To understand the change for Hartford in 2017, we reached out Micah Rice, USA Cycling’s Vice President of National Events. Rice confirmed that the change is indeed true, and not a scheduling oversight.
Here’s Rice’s response:
“After discussing with our Cyclocross Committee, we have removed the 9-10 group and focused championships on our slightly older junior racers.
Building sustainable athletes is important to USA Cycling and studies show that a multi-sport approach seems wiser for the younger age groups. The USA Cycling Cyclocross Committee agrees that starting championship categories at age 9 (or at 8 considering how the racer age rule works in cyclocross) adds a level of seriousness, pressure and formality to the whole season for some riders and families. Coaches advocate telling the kids that race results are not important at that age and that comparisons between riders are not meaningful. Most families are wise enough to keep the sport fun, but putting the title up for grabs signals that USA Cycling believes that race results are important even at age 9-10.
We still strongly believe that young junior racing has an important place in local and regional grassroots racing, but the National Championships is not grassroots racing.”
The latter statement suggests that the omission of the Kids’ Cross event we saw in Asheville and Austin is also intentional, but we’re also confirming that as well.
The Committee’s conclusion is consistent with recent research that found early sport specialization can result in burnout and that diverse multi-sport participation has a better chance at developing Elite-level skills.
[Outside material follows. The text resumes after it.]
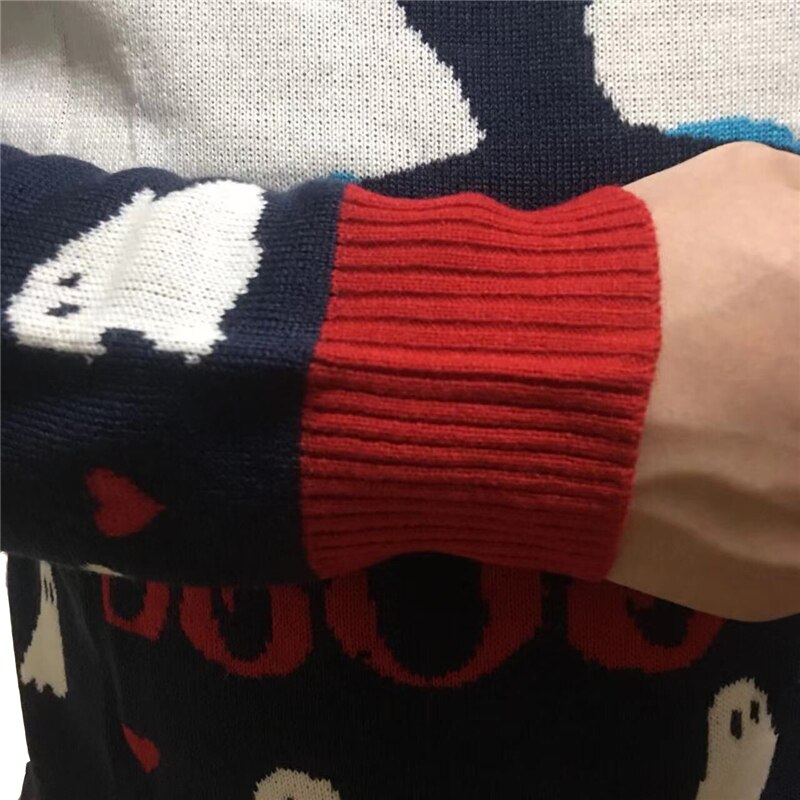 Pull d'Halloween unisexe en tricot mignon, motif Be My Boo Ghost, col rond, bleu marine, drôle pour hommes et femmes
Further research also indicates that early specialization decreases the chances of a child being active in sports as an adult. Indeed, there’s been a growing movement to build awareness about the dangers and injury risks of attempting to groom the next Sven Nys or Lebron James (who also played football) at an early age.
Winning a national championship in cyclocross certainly does not require specialization, and over the years we’ve been amazed at the number of sports the young national champions we’ve interviewed participate in. Yet it’s true that by offering up a title and jersey, USA Cycling could encourage some youth and parents to specialize when they otherwise wouldn’t.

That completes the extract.